That’s a problem in and of itself, but it also butts up hard against Rubio’s other disastrous economic policy proposal: a balanced budget amendment to the Constitution. Balanced budget amendments are a bad idea on their own, but Rubio’s talking about mandatory budget balancing while also reducing federal revenues by roughly $4 trillion over a decade. That’s going to require some deep and painful spending cuts.

And that brings us to yet another problem. Rubio wants to cut taxes and balance the budget but also drastically increase defense spending and maintain current levels of anti-poverty spending. This, as the Washington Post’s Matt O’Brien observed, leaves Rubio at odds with basic mathematics:

That doesn't leave a lot of places to find savings. There probably aren't any in non-defense discretionary spending—things like roads and research—when it's already at a 40-year low. So you'd have to get them all by cutting Social Security and Medicare, and cutting them now. Rubio, though, only wants to "reform" entitlements for future seniors, not current ones. And that leaves you with big, fat deficits for a good, long while.
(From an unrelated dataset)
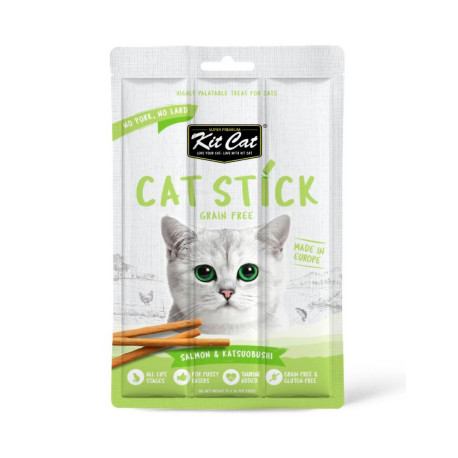 Kit Cat Stick Salmón con Katsuobushi snack para gatos Kit Cat Stick Salmón con Katsuobushi snack para gatos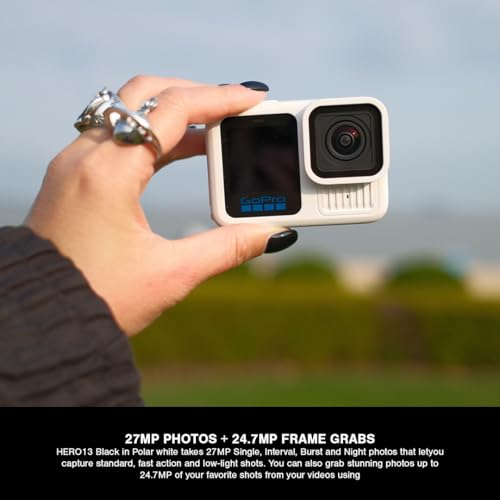 GoPro HERO13 Black in Polar White Limited Edition - Waterproof Action Camera with 5.3K60 Video, 27MP Photo + Compatability with HB-Series Lenses(1-Yr International+1-Yr India Warranty)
There is no plausible way in which Rubio can do all this at once, so we have to view his thoroughly unrealistic economic vision as a question of priorities. When push comes to shove, which policies would Rubio jettison to give his policy platform a sheen of realism?

Well, the man has promised three times now that he’s never going to raise taxes, and I believe him. I also believe he’ll never back down from the tax cuts he’s already proposed – tax cuts for the rich are critical to the Republican policy agenda, and conservatives are already grumbling that Rubio isn’t reducing the tax burden on the wealthy by as much as he could. One would also have to assume that boosting the defense budget is also sacrosanct to Rubio, given that he’s been positioning himself as 2016’s national security candidate.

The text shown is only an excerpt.